Multi-Species Classification with the Crop Model#

This notebook is a work in process showing how to train and use a DeepForest ``CropModel` <https://deepforest.readthedocs.io/en/v2.1.0/user_guide/03_cropmodels.html>`__ [1] for multi-species tree classification in the following steps:

Train a crop classifier on the species annotations from the TreeAI dataset [2]
Run multi-species inference combining the fine-tuned crown model with the crop classifier

The following key parts are not covered yet but will be (hopefully) shortly:

Data augmentations in crop model training (AFAIK, not directly supported by DeepForest yet)
Multi-species annotations vs predictions plotting with common species color mapping
Multi-species evaluation

This notebook assumes you have already run `treeai-example.ipynb <treeai-example.ipynb>`__ to upload the images and produce the fine-tuned crown checkpoint (crown-fine-tune.pl in the models volume).

0. Setup#

Let us start with some imports:

[ ]:

import os
import time
from os import path

import matplotlib.pyplot as plt
import pandas as pd
from pytorch_lightning import callbacks, loggers

import deepforest_modal_app as dma
import treeai_utils
from deepforest_modal_app import plot_utils

We define the analysis parameters. fine_tuned_filepath points to the crown model checkpoint produced by treeai-example.ipynb. max_species_per_image controls how much label diversity is allowed per image when building the crop-model training and validation sets:

[ ]:

# path to the Tree AI dataset
base_dir = "treeai-data/12_RGB_ObjDet_640_fL"
# to name folders in the modal volumes
dataset_id = "12_RGB_ObjDet_640_fL"

# fine-tuned crown model checkpoint (produced by treeai-example.ipynb)
fine_tuned_filepath = path.join(dataset_id, "crown-fine-tune.pl")
# output crop model checkpoint
crop_filepath = path.join(dataset_id, "crop-picea-pinus-fagus.pl")

# target species
target_species = ["picea abies", "pinus sylvestris", "fagus sylvatica"]

# dataset filtering args
max_species_per_image = 4

# viz args
figwidth = plt.rcParams["figure.figsize"][0]
figheight = plt.rcParams["figure.figsize"][1]

# for reproducibility
random_state = 0

# for Comet ML
comet_ml_api_key = os.getenv("COMET_ML_API_KEY", "")
comet_ml_project_name = "deepforest-modal-app"
comet_ml_workspace = "martibosch"

Loading and uploading the dataset#

We filter the TreeAI annotations to images containing at least one occurrence of the target species and then keep only images containing at most max_species_per_image distinct species:

[ ]:

# load TreeAI dataset
train_gdf, train_img_dir, species_label_dict = treeai_utils.get_annot_gdf(
    base_dir, which="train", species=target_species
)
val_gdf, val_img_dir, _ = treeai_utils.get_annot_gdf(
    base_dir, which="val", species=target_species
)

# ensure that annotations are strictly larger than 1 px
train_gdf = treeai_utils.ensure_gt_1px(train_gdf)
val_gdf = treeai_utils.ensure_gt_1px(val_gdf)

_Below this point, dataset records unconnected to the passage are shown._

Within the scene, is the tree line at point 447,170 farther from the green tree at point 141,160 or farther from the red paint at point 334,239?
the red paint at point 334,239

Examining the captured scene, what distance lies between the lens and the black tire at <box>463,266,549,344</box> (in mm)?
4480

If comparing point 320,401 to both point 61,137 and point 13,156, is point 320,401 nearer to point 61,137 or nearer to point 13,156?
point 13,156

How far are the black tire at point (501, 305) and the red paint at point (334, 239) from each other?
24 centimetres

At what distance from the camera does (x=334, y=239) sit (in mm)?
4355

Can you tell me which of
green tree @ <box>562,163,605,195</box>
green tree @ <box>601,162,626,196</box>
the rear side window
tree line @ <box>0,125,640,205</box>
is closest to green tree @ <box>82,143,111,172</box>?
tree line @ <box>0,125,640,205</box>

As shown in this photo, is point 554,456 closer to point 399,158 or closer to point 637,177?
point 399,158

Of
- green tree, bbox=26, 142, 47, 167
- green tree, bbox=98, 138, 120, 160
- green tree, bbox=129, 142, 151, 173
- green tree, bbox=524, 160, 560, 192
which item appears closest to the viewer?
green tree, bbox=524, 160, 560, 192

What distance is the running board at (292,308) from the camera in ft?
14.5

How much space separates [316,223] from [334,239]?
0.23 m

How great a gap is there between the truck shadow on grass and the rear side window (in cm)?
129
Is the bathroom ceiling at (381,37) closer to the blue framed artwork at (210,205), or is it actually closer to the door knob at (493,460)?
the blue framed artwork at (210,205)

# keep only images with limited species diversity
train_img_species_count = train_gdf.groupby("image_path")["label"].nunique()
val_img_species_count = val_gdf.groupby("image_path")["label"].nunique()
train_img_filenames = train_img_species_count[
    train_img_species_count.le(max_species_per_image)
].index
val_img_filenames = val_img_species_count[
    val_img_species_count.le(max_species_per_image)
].index
train_gdf = train_gdf[train_gdf["image_path"].isin(train_img_filenames)]
val_gdf = val_gdf[val_gdf["image_path"].isin(val_img_filenames)]
########################################################################################
print(
    f"Using {len(train_img_filenames)} train images ({len(train_gdf)} annotations) and "
    f"{len(val_img_filenames)} validation images ({len(val_gdf)}) with at most "
    f"{max_species_per_image} species per image."
)

remote_img_dir = dataset_id
val_img_filenames = val_gdf["image_path"].unique()
val_gdf.head()

100%|█████████████████████████████████████████████████████| 1061/1061 [00:13<00:00, 76.39it/s]
100%|███████████████████████████████████████████████████████| 303/303 [00:03<00:00, 81.80it/s]

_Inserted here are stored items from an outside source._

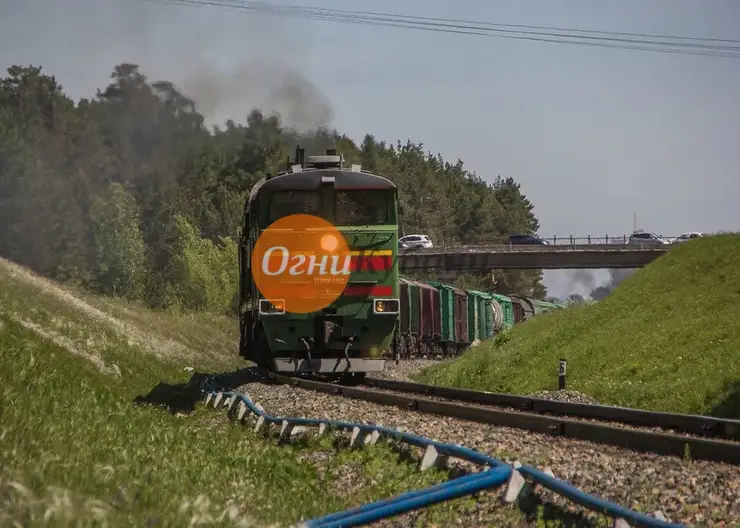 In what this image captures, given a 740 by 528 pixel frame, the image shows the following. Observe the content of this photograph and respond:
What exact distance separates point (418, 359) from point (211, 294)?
23500 mm

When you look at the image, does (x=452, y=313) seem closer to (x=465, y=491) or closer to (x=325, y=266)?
(x=325, y=266)

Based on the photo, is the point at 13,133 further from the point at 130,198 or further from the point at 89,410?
the point at 89,410

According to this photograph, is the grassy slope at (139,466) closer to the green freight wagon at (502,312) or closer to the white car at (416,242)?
the green freight wagon at (502,312)

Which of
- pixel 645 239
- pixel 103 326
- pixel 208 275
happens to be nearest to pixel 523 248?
pixel 645 239

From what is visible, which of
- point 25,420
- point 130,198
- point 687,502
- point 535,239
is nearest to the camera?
point 687,502

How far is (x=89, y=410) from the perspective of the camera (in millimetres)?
9766

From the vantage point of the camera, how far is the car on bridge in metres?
76.1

Using 25 train images (743 annotations) and 4 validation images (132) with at most 4 species per image.

	label	image_path	xmin	ymin	xmax	ymax	geometry
5471	19	000000003109.png	6.00000	461.99968	38.99968	503.99968	POLYGON ((39 462, 39 504, 6 504, 6 462, 39 462))
5472	19	000000003109.png	126.99968	84.00000	250.00000	196.00000	POLYGON ((250 84, 250 196, 127 196, 127 84, 25...
5473	19	000000003109.png	185.00000	151.00000	311.00000	281.00000	POLYGON ((311 151, 311 281, 185 281, 185 151, ...
5474	12	000000003109.png	232.99968	455.99968	316.00000	565.00000	POLYGON ((316 456, 316 565, 233 565, 233 456, ...
5475	4	000000003109.png	307.00032	464.00032	360.00000	566.00032	POLYGON ((360 464, 360 566, 307 566, 307 464, ...

[ ]:

# upload (if needed) train and validation images
for img_dir in [train_img_dir, val_img_dir]:
    dma.ensure_imgs(
        img_dir,
        remote_img_dir=remote_img_dir,
    )

1. Training the crop model#

The train_crop_model function extracts crops from each bounding box annotation and trains an image classifier (a ResNet by default) on them.

Here we rely on the default crop-model and trainer settings from deepforest_modal_app.settings, add an EarlyStopping callback, and log training metrics to Comet so we can inspect the validation curves right after training.

[ ]:

comet_logger = loggers.CometLogger(
    api_key=comet_ml_api_key,
    project=comet_ml_project_name,
    workspace=comet_ml_workspace,
)

early_stopping_patience = 10
early_stopping = callbacks.EarlyStopping(
    monitor="val_loss",
    mode="min",
    patience=early_stopping_patience,
)

with dma.app.run():
    _start = time.perf_counter()
    dma.train_crop_model.remote(
        train_gdf,
        remote_img_dir,
        test_df=val_gdf,
        dst_filepath=crop_filepath,
        logger=comet_logger,
        callbacks=[early_stopping],
    )
    print(f"Crop model training completed in {time.perf_counter() - _start:.1f}s")
    comet_logger.experiment.end()

Crop model training completed in 157.1s

2. Multi-species inference#

We now run inference using both the fine-tuned crown model and the crop classifier. Each predicted bounding box gets a species label from the crop model (stored in the cropmodel_label column):

[ ]:

with dma.app.run():
    _start = time.perf_counter()
    ms_pred_gdf = dma.predict.remote(
        img_filenames=val_img_filenames,
        remote_img_dir=remote_img_dir,
        checkpoint_filepath=fine_tuned_filepath,
        crop_model_filepath=crop_filepath,
    )
    print(
        f"Fine-tuned + crop-model inference predicted {len(val_img_filenames)} tiles "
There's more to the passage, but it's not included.